Like Chitty Chitty Bang Bang, the Babe movies transport you to another world, a simpler, more lighthearted world where life just seems easier. Both movies have a relaxed, laid-back feel to them, but Babe is charming without teetering towards being overbearingly cute. Everything about how these movies are crafted is utter perfection in my book. The human actors are great, the voice actors for the animal characters deliver empathetic performances, the digital effects are seamless, and the animal trainers did an amazing job at keeping the animals focused and present. The magnificent production design creates environments that feel lived in and familiar. Yet it feels unfamiliar, in a way that spurs a childlike curiosity. At the same time the films don’t execute this story in a way that’s childish.

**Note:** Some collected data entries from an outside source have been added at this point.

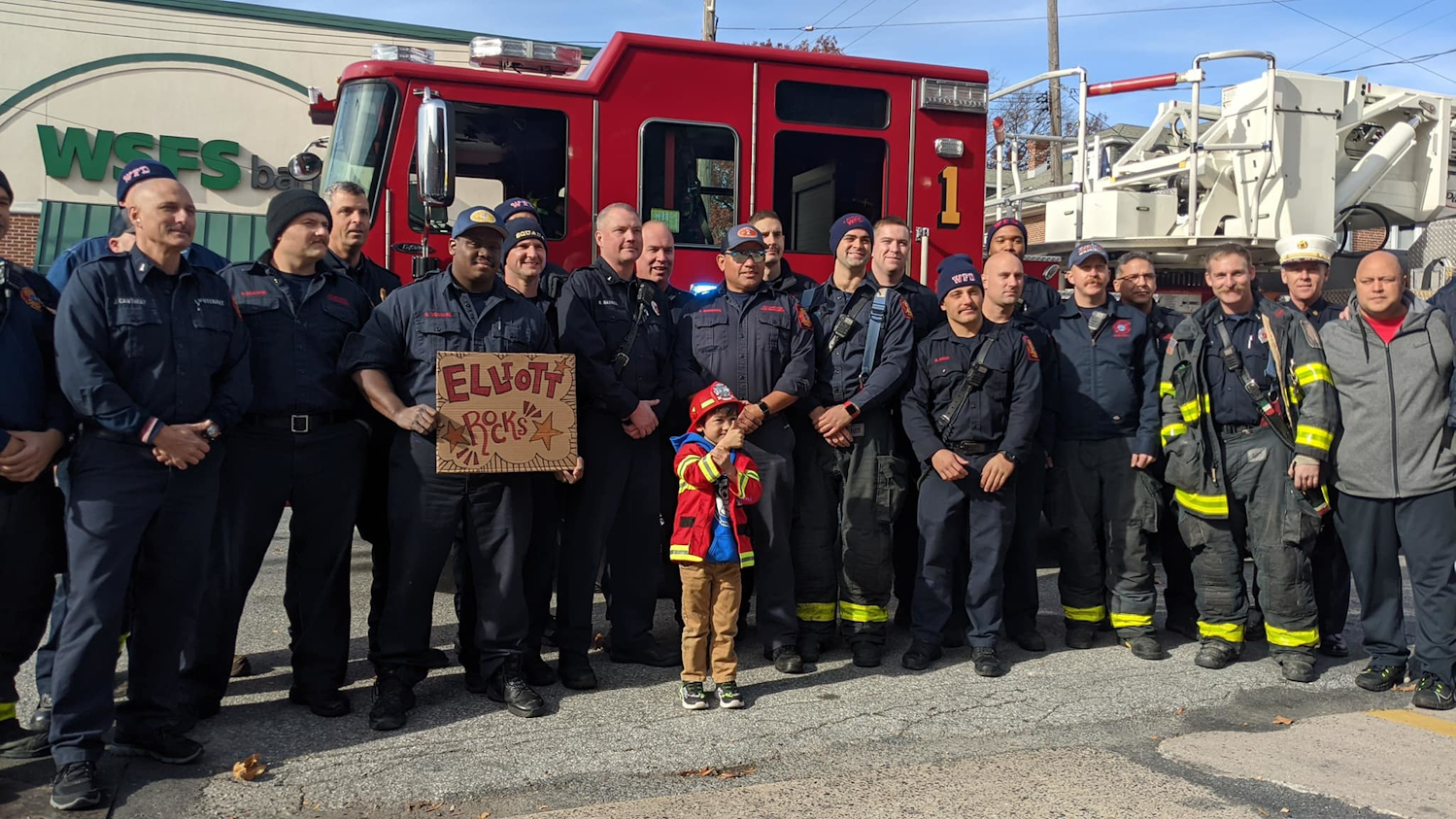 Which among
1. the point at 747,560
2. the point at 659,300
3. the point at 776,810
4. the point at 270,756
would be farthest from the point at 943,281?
the point at 270,756

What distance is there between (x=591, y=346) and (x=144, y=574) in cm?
203

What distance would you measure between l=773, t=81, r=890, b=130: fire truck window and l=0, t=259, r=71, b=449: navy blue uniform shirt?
4080 millimetres

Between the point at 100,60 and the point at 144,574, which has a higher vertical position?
the point at 100,60

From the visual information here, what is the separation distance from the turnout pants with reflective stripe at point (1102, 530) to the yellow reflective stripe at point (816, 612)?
1312 millimetres

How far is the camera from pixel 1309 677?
17.6 feet

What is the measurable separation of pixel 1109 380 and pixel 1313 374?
0.94 meters

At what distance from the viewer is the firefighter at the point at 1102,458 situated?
5828 millimetres

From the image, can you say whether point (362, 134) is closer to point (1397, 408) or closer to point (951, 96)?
point (951, 96)

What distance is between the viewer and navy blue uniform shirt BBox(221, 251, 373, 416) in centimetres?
452

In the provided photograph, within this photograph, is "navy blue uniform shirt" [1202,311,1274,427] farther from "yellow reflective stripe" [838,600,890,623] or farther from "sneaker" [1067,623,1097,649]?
"yellow reflective stripe" [838,600,890,623]

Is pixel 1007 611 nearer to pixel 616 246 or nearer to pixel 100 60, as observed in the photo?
pixel 616 246

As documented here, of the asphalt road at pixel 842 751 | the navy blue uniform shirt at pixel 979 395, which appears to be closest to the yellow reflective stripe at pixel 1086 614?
the asphalt road at pixel 842 751

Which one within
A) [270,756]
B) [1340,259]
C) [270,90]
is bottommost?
[270,756]

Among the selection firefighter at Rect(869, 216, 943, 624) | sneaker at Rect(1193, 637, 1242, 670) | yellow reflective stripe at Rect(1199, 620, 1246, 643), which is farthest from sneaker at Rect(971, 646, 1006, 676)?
yellow reflective stripe at Rect(1199, 620, 1246, 643)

Yes, these are technically kids movies, but they’re still treated like works of art. The filmmakers had a mature approach, a keen eye for detail and a passion to tell a great story. To them, I say thank you. Babe and Babe: Pig in the City are some of the best family films out there. There’s no other way I can describe them but magical. They are simply magical. And a small taste of magic is something we can all use a little of right now.